Remember when I used to take the kids on family road trips or international voyages, and I would post about the interesting doors I saw in our travels?  Well, this is one of my favorite weeks of the year, when many people are traveling and nobody seems too interested in codes, and I’m in Copenhagen!  Why??  Well, my oldest daughter is here studying abroad, so I decided to work from Denmark for a bit.

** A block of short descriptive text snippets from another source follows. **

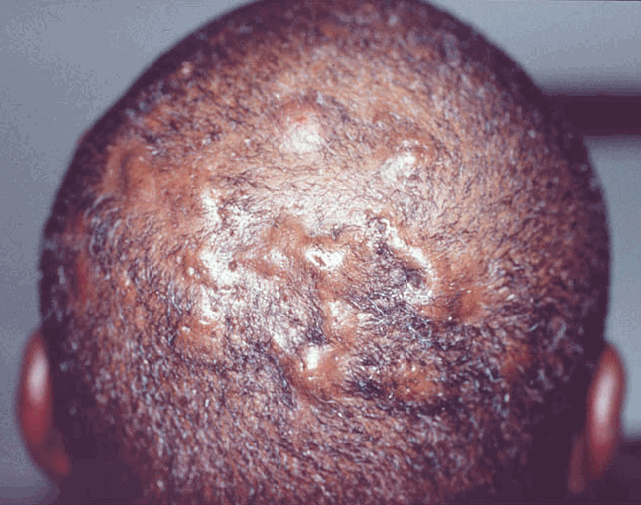 Top prescription weight loss medications image 5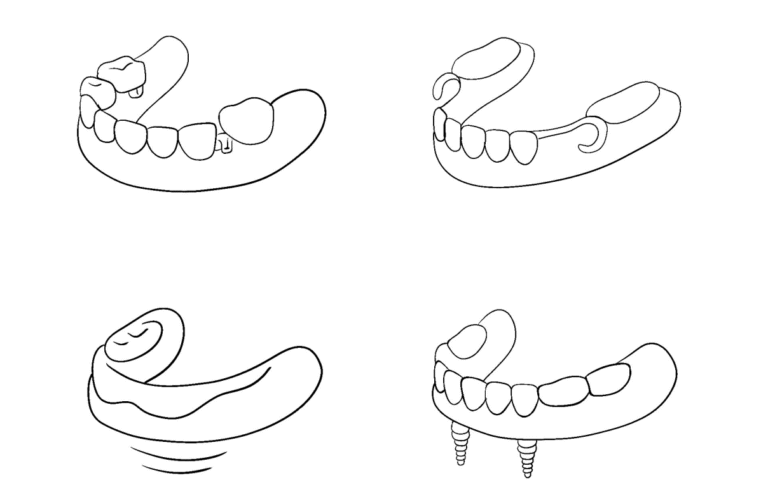 tooth-crown+inlay-011-pl15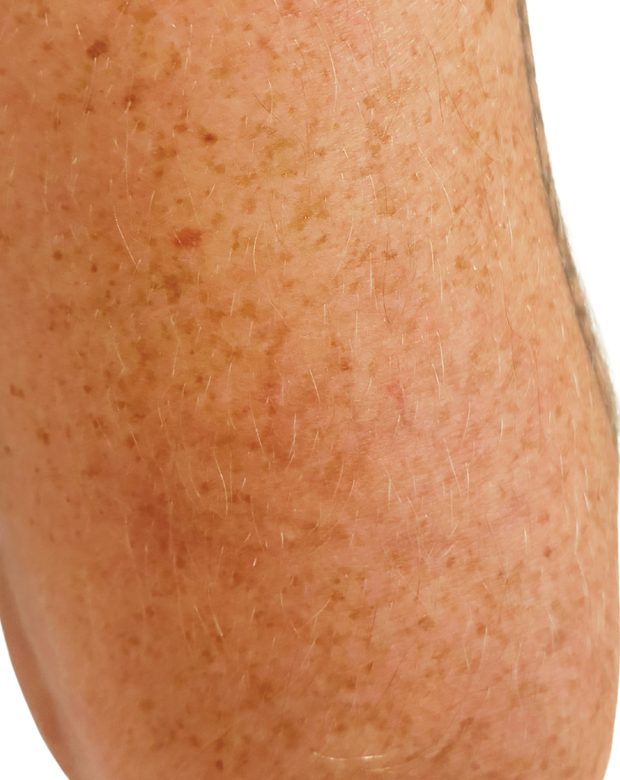 The same leg after treatment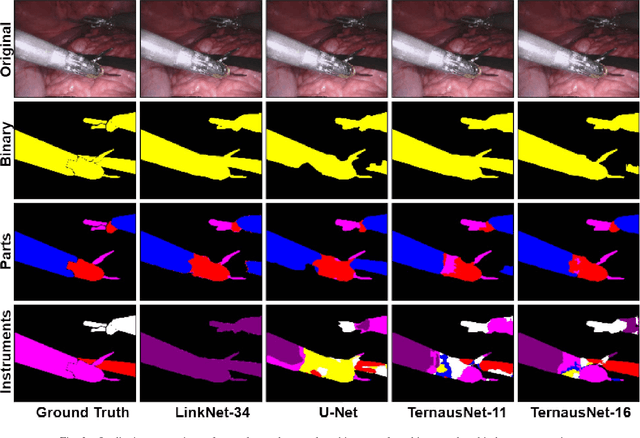 Figure 3 for Automatic Instrument Segmentation in Robot-Assisted Surgery Using Deep Learning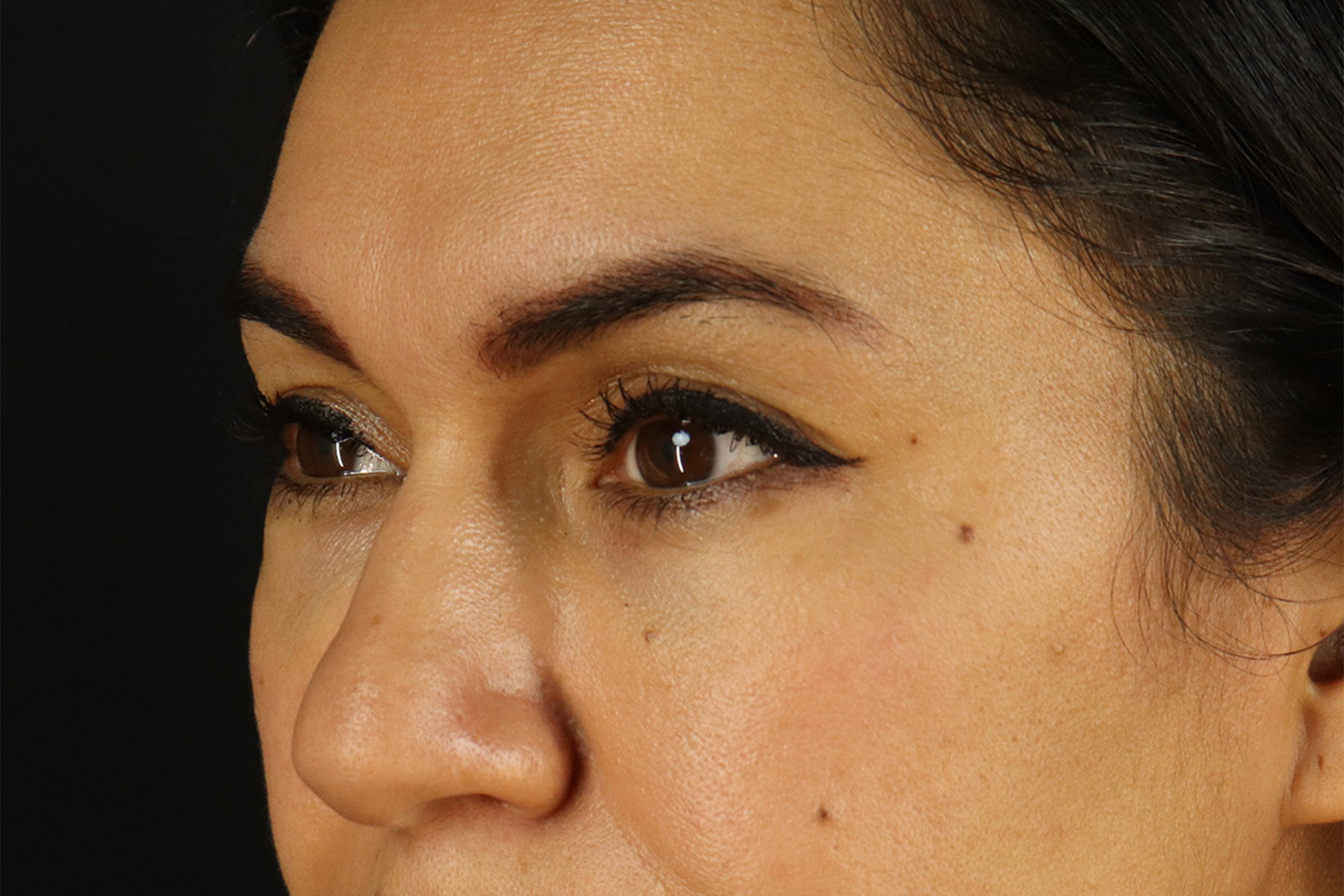 Upper Blepharoplasty Before & After Patient #12007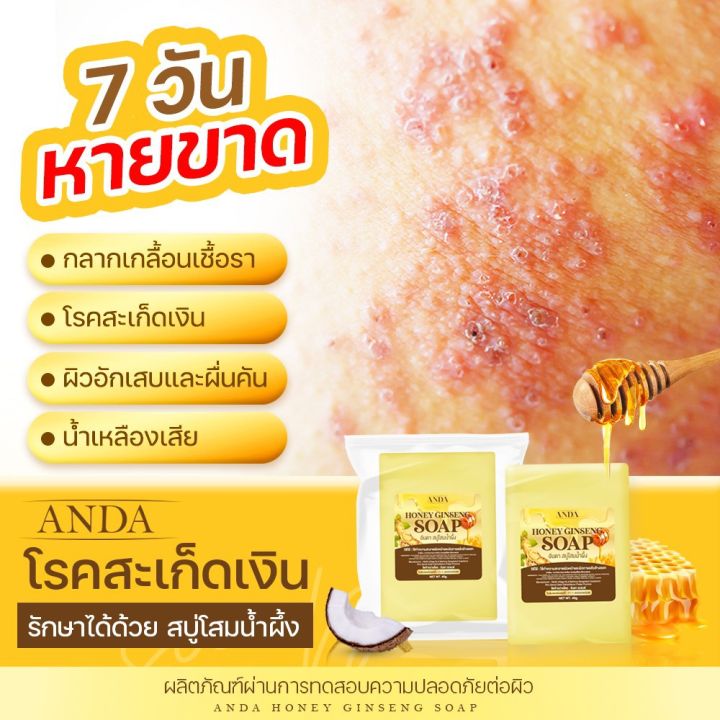 พร้อมส่ง-สบู่โสมน้ำผึ้ง-anda-โรคสะเก็ดเงิน-โรคผิวหนังคับ-กลากเกลื้อน-เชื้อรา-น้ำเหลืองเสีย-จบที่ก้อนเดียว-หายขาด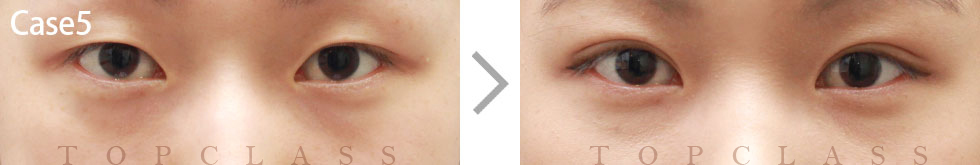 Case5 Non-incisional Ptosis Surgery Before/After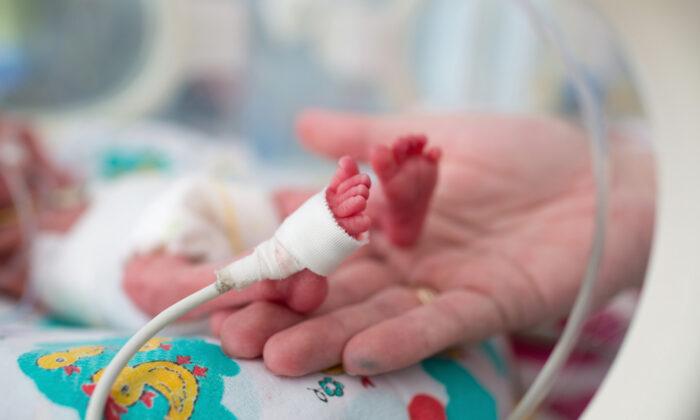 Miracle Baby Born 14 Weeks Premature Defies All Odds, Breathes on His Own 260 Days Later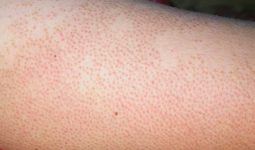 Viêm lỗ chân lông ở tay là hiện tượng da bị viêm nhiễm, bít tắc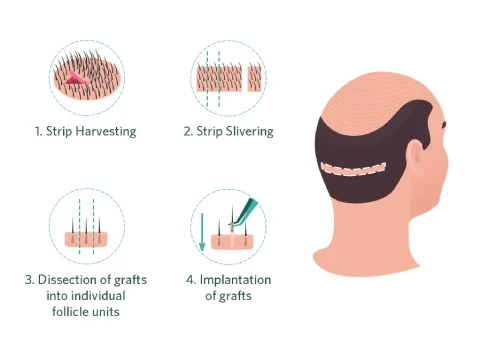 Follicular Unit Transplantation Follicular Unit Transplantation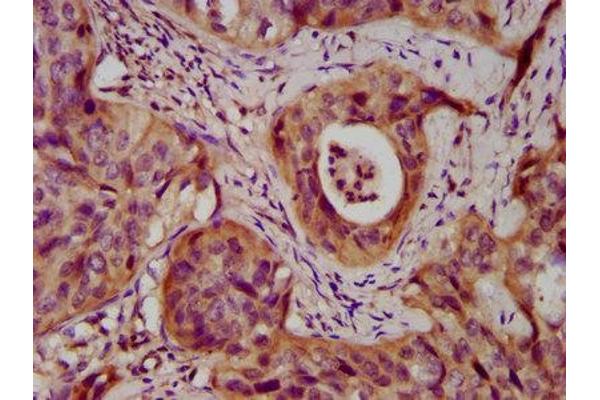 Desmocollin 3 antibody  (AA 712-896)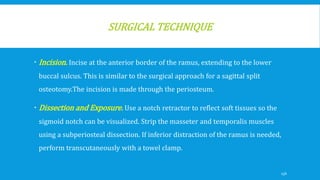 SURGICAL TECHNIQUE
 Incision. Incise at the anterior border of the ramus, extending to the lower
buccal sulcus. This is similar to the surgical approach for a sagittal split
osteotomy.The incision is made through the periosteum.
 Dissection and Exposure. Use a notch retractor to reflect soft tissues so the
sigmoid notch can be visualized. Strip the masseter and temporalis muscles
using a subperiosteal dissection. If inferior distraction of the ramus is needed,
perform transcutaneously with a towel clamp.
156
 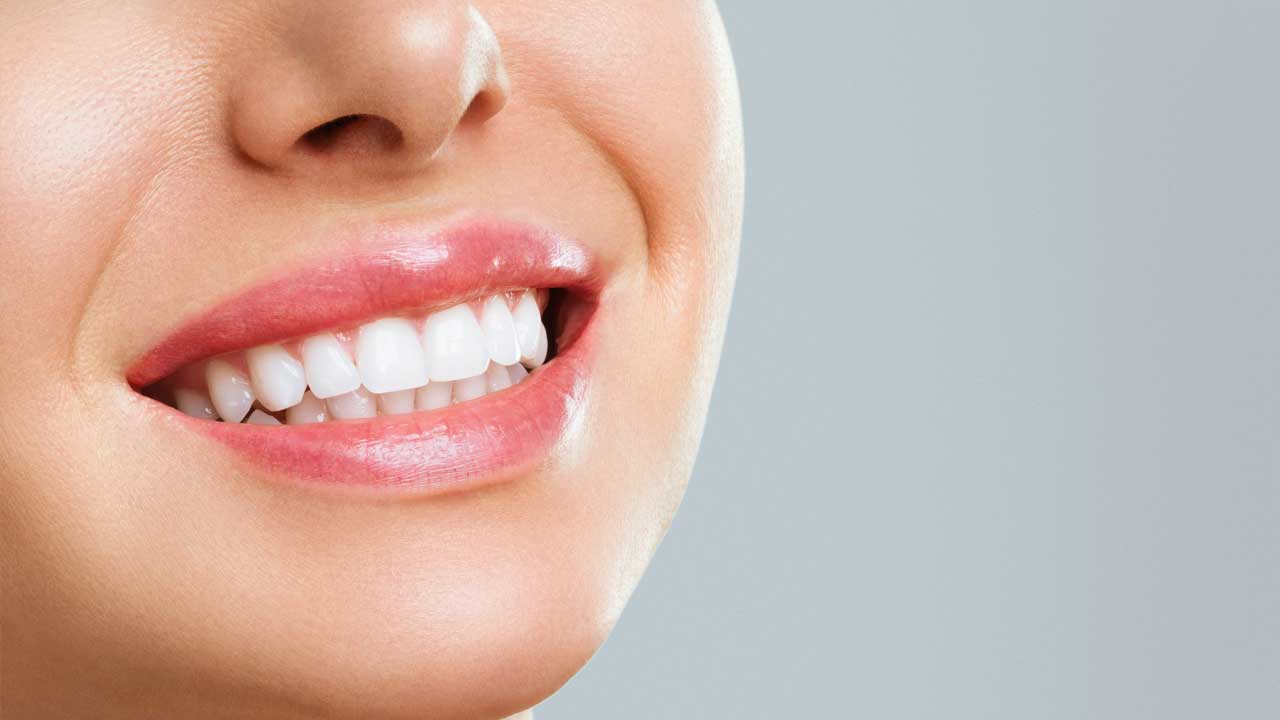 Natural Teeth Whitening Gels: Ingredients to Look for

Yesterday we went to a used clothing market in a building that used to be a roundhouse for the Copenhagen Tram – now it’s a sports complex.  The market was held in a large room that would definitely be considered an assembly occupancy on days that it wasn’t full of clothes for sale, and check out the exits…there they are waaaaay down at the other end:

The US model codes would require panic hardware for these doors, if they were serving a calculated occupant load of 50 people or more (I-Codes) or 100 people or more (NFPA Codes).  The hardware installed here would not comply with the panic hardware requirements, and would also require special knowledge or effort, which is prohibited for doors in a means of egress:

  

  

Here are some of the original doors from when the trams would pass through them:

And finally, since we won’t have a Fixed-it Friday post this week (I’ll be off for Thanksgiving), here’s another door at this facility that should have had an overhead stop instead of the homemade alternative:

  

I’m so excited to see what I can find to share tomorrow!